As mentioned-above, in the present invention, by controlling execution of information extraction, the user's operability and convenience of the information extraction system improves. Especially, in the apparatus extracting information from stored messages, at timing matched with the extraction decision condition, information is automatically extracted from the stored messages by applying usable extraction rules. Alternatively, execution of information extraction is proposed to the user. Accordingly, burden of the user's operation of information extraction can be reduced.
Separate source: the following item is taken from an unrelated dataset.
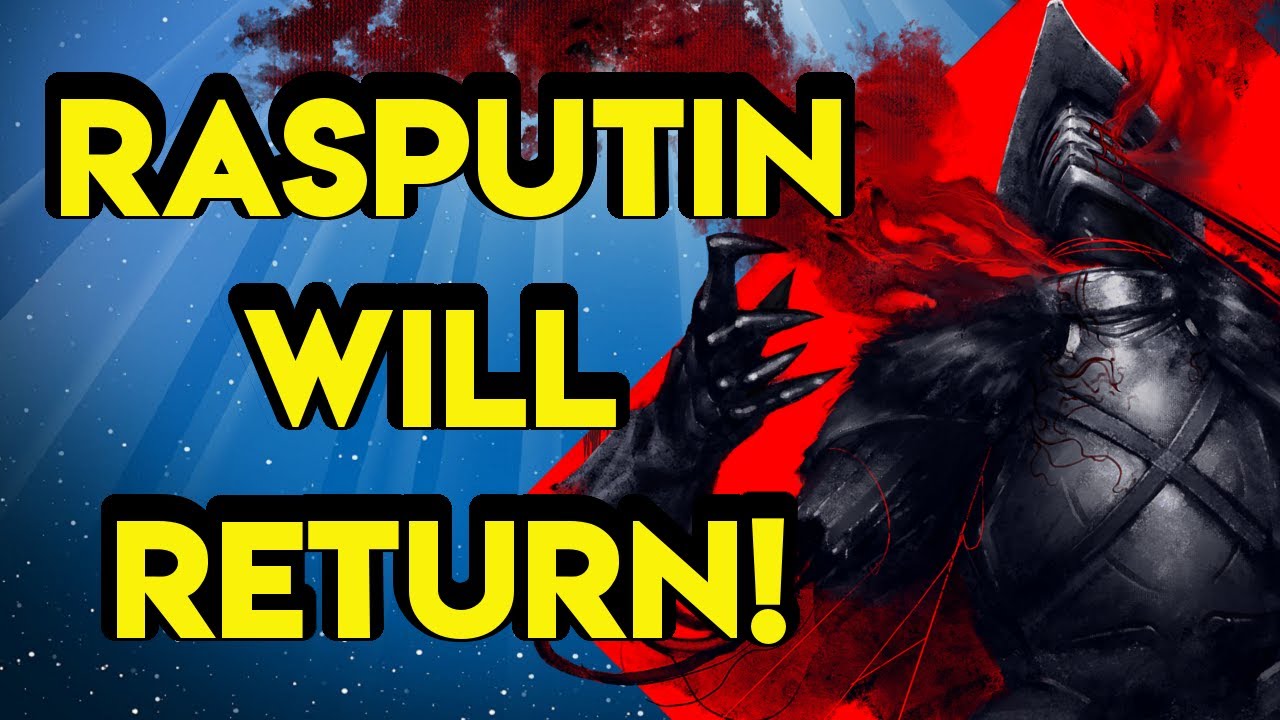 Destiny 2 Lore - Rasputin knows about Hive Guardians!? | Myelin Games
Furthermore, by proposing the user's unconscious information extraction, useful information extraction can be found out for the user.

In embodiments of the present invention, the processing of the present invention can be accomplished by a computer-executable program, and this program can be realized in a computer-readable memory device.
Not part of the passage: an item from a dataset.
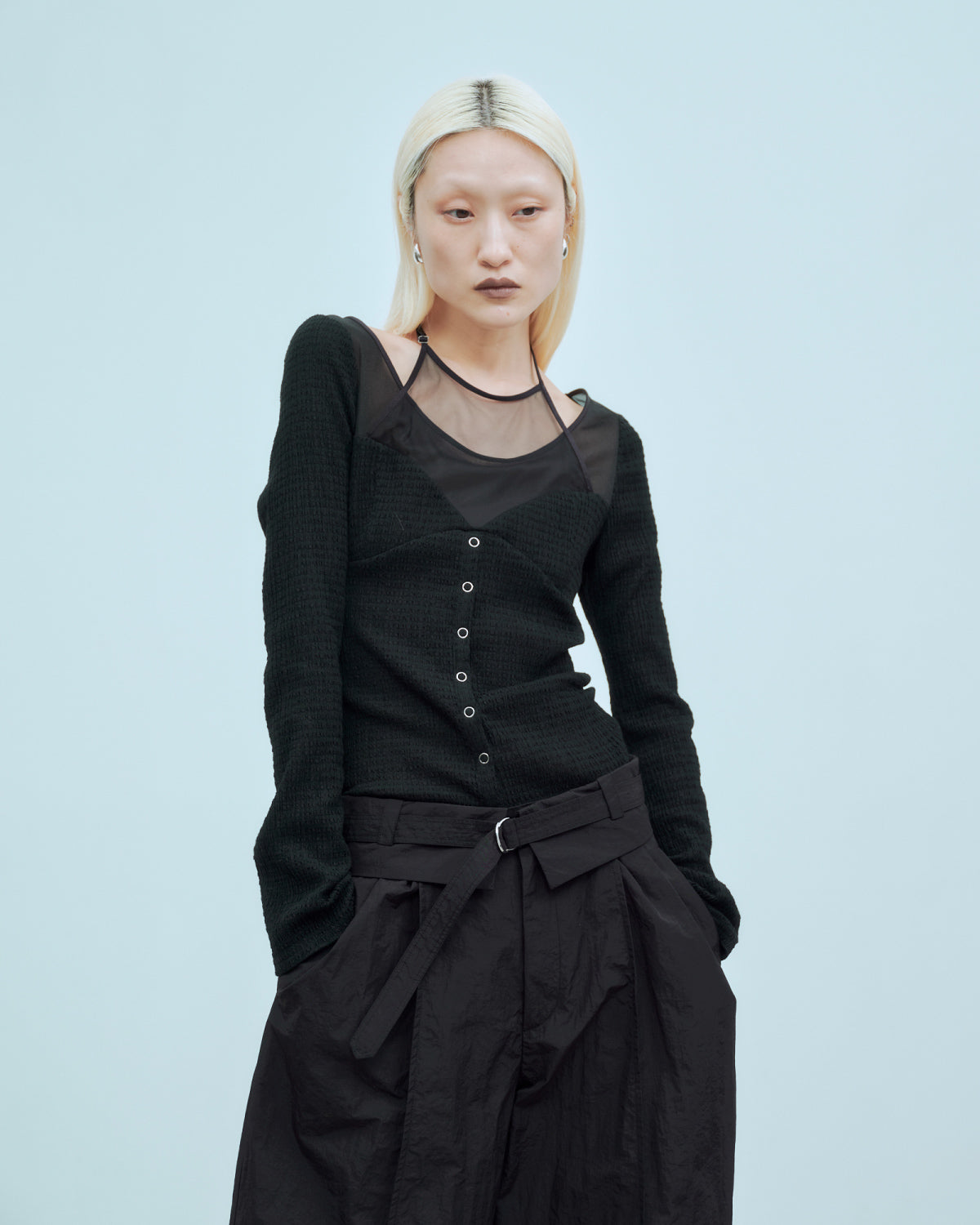 トップス THINGS THAT MATTER CHAOS BUSTIER TOPS CHAOS BUSTIER TOPS | | STORE | THINGS THAT MATTER ONLINE STORE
In embodiments of the present invention, the memory device, such as a magnetic disk, a floppy disk, a hard disk, an optical disk (CD-ROM, CD-R, DVD, and so on), an optical magnetic disk (MD and so on) can be used to store instructions for causing a processor or a computer to perform the processes described above.

Furthermore, based on an indication of the program installed from the memory device to the computer, OS (operation system) operating on the computer, or MW (middle ware software), such as database management software or network, may execute one part of each processing to realize the embodiments.
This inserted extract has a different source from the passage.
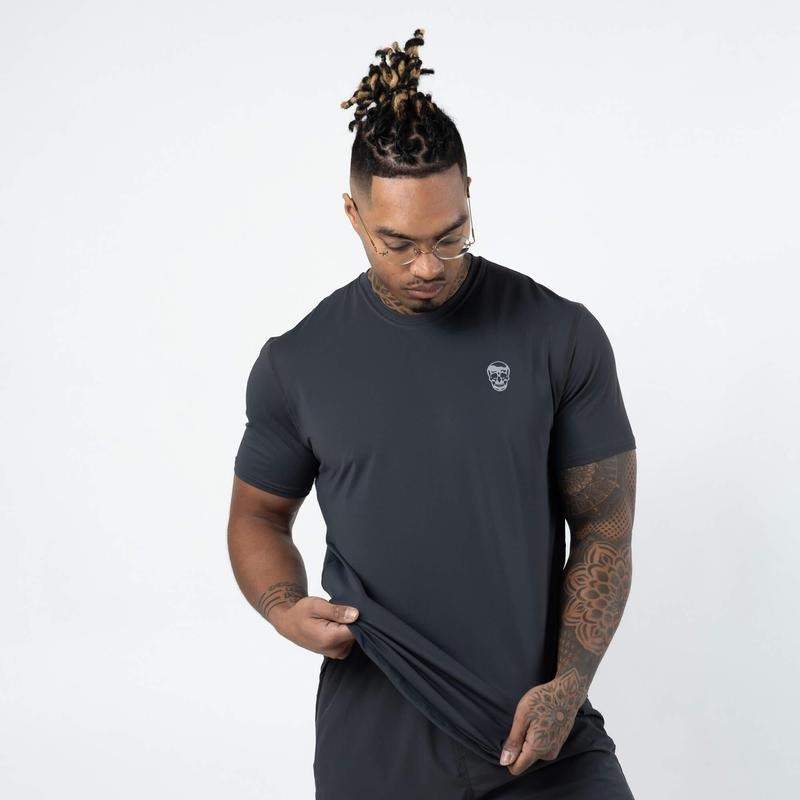 Performance Short Sleeve Shirt Obsidian Fabric Menswear Top Outdoor T-Shirts, Hoodie, Sweatshirt - T-Shirt, Sweatshirt, Hoodie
Furthermore, the memory device is not limited to a device independent from the computer. By downloading a program transmitted through a LAN or the Internet, a memory device in which the program is stored is included. Furthermore, the memory device is not limited to one. In the case that the processing of the embodiments is executed by a plurality of memory devices, a plurality of memory devices may be included in the memory device. The component of the device may be arbitrarily composed.

In embodiments of the present invention, the computer executes each processing stage of the embodiments according to the program stored in the memory device. The computer may be one apparatus such as a personal computer or a system in which a plurality of processing apparatuses are connected through a network. Furthermore, in the present invention, the computer is not limited to a personal computer. Those skilled in the art will appreciate that a computer includes a processing unit in an information processor, a microcomputer, and so on. In short, the equipment and the apparatus that can execute the functions in embodiments of the present invention using the program are generally called the computer.

Other embodiments of the invention will be apparent to those skilled in the art from consideration of the specification and practice of the invention disclosed herein. It is intended that the specification and examples be considered as exemplary only, with the true scope and spirit of the invention being indicated by the following claims.